*** Begin section ***

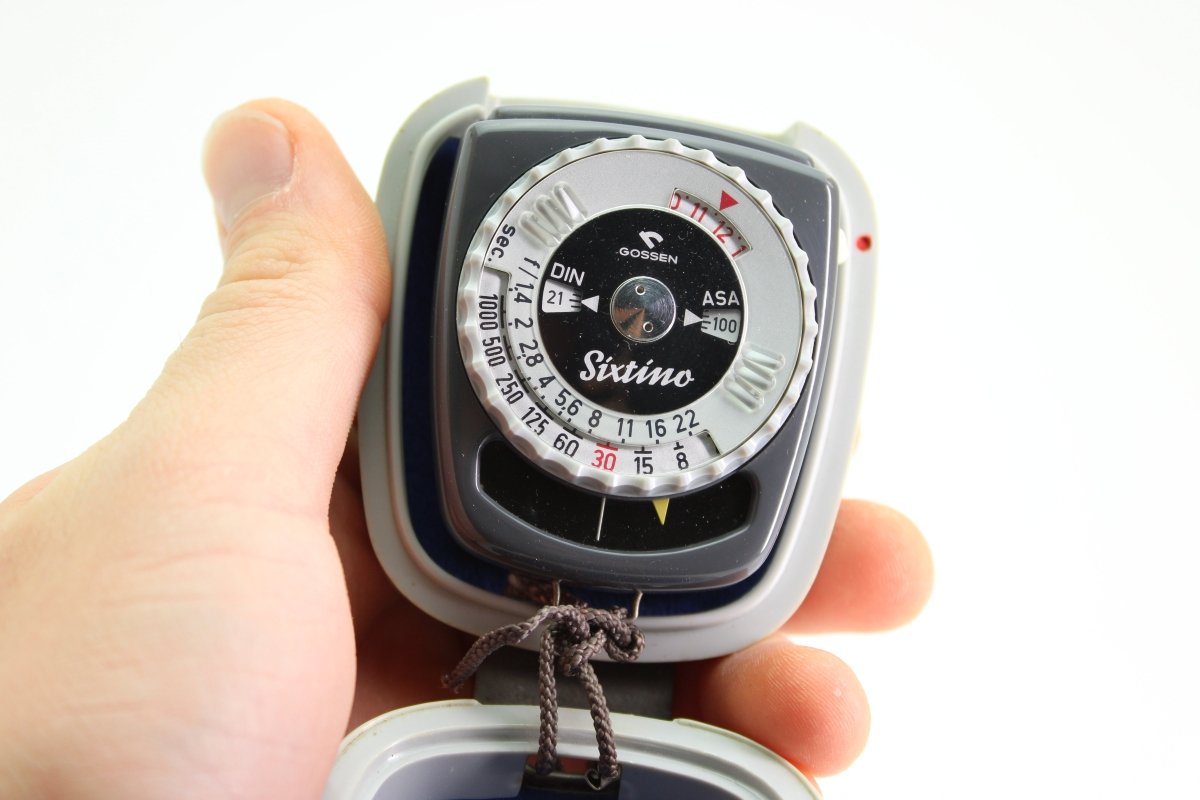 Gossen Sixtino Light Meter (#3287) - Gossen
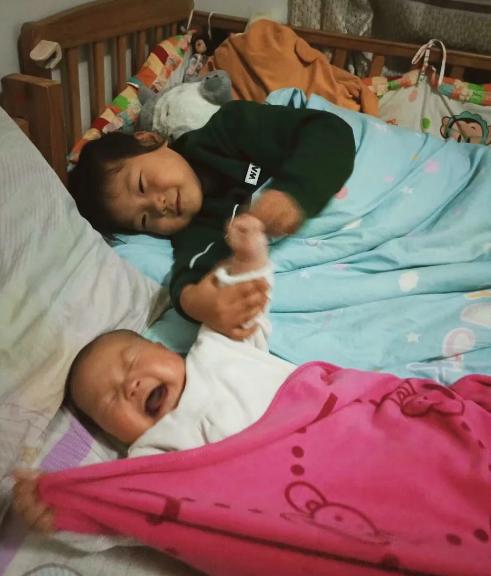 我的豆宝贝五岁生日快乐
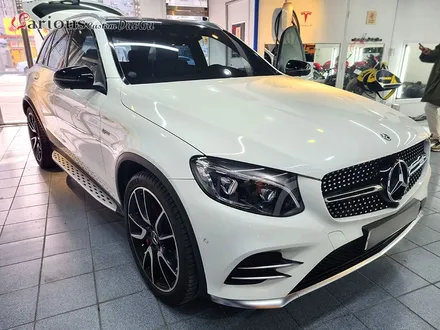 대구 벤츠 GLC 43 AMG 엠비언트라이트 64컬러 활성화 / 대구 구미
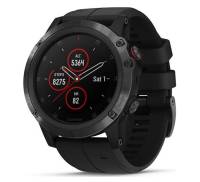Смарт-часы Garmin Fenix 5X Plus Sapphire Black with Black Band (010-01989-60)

*** End section ***

**DIRECTIONS**
Would you return the data exactly as written, without the pictures?

**TASK RESULT**
 Gossen Sixtino Light Meter (#3287) - Gossen
 我的豆宝贝五岁生日快乐
 대구 벤츠 GLC 43 AMG 엠비언트라이트 64컬러 활성화 / 대구 구미
Смарт-часы Garmin Fenix 5X Plus Sapphire Black with Black Band (010-01989-60)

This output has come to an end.